### Provided material
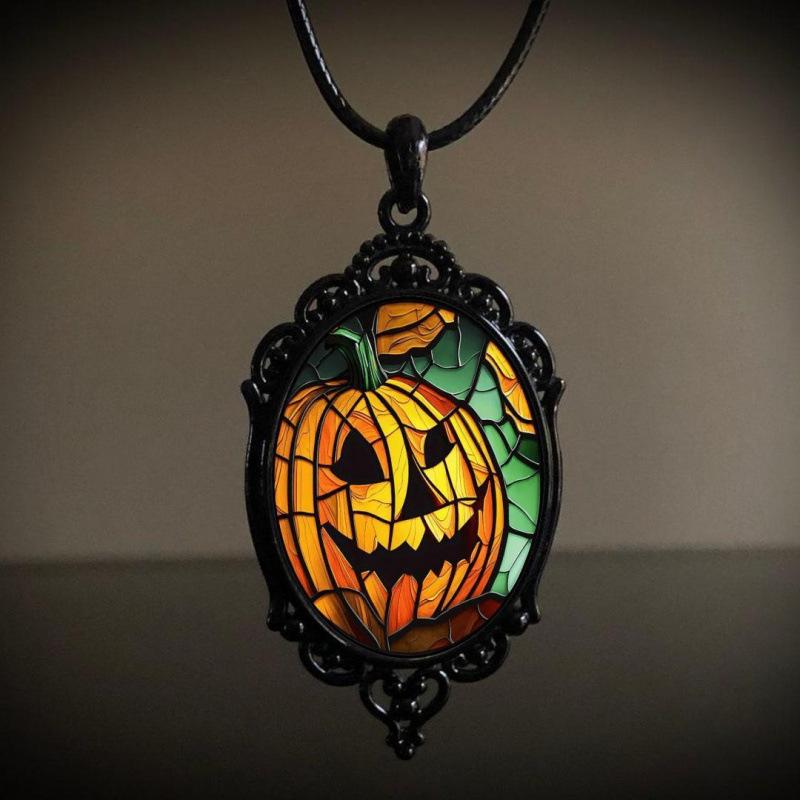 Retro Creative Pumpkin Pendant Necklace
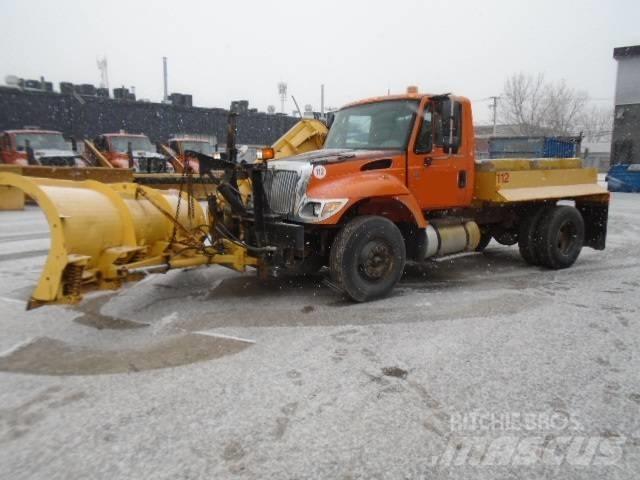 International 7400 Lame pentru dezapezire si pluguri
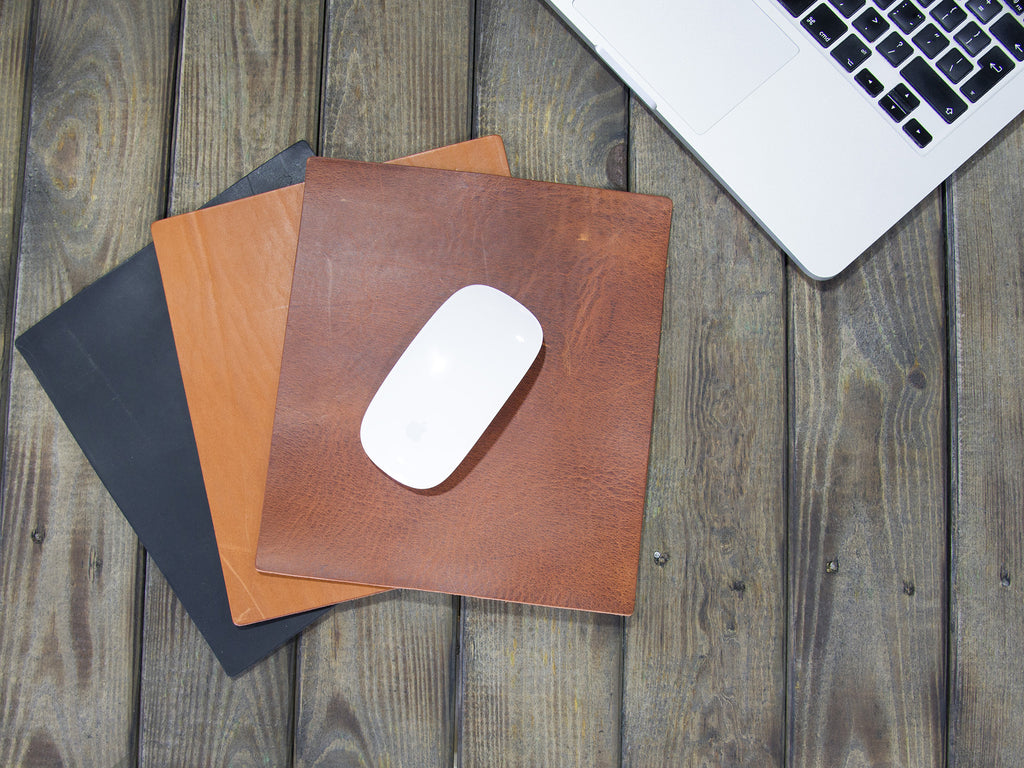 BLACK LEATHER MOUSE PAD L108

* * *

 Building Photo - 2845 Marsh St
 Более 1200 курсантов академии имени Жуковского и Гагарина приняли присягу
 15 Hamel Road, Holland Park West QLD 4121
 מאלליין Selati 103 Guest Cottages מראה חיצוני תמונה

### To do
Everything above from the line with "Retro Creative Pumpkin Pendant Necklace" through the line with "BLACK LEATHER MOUSE PAD L108" should be retyped exactly, and nothing else; omit pictures.

### Expected answer
 Retro Creative Pumpkin Pendant Necklace
 International 7400 Lame pentru dezapezire si pluguri
 BLACK LEATHER MOUSE PAD L108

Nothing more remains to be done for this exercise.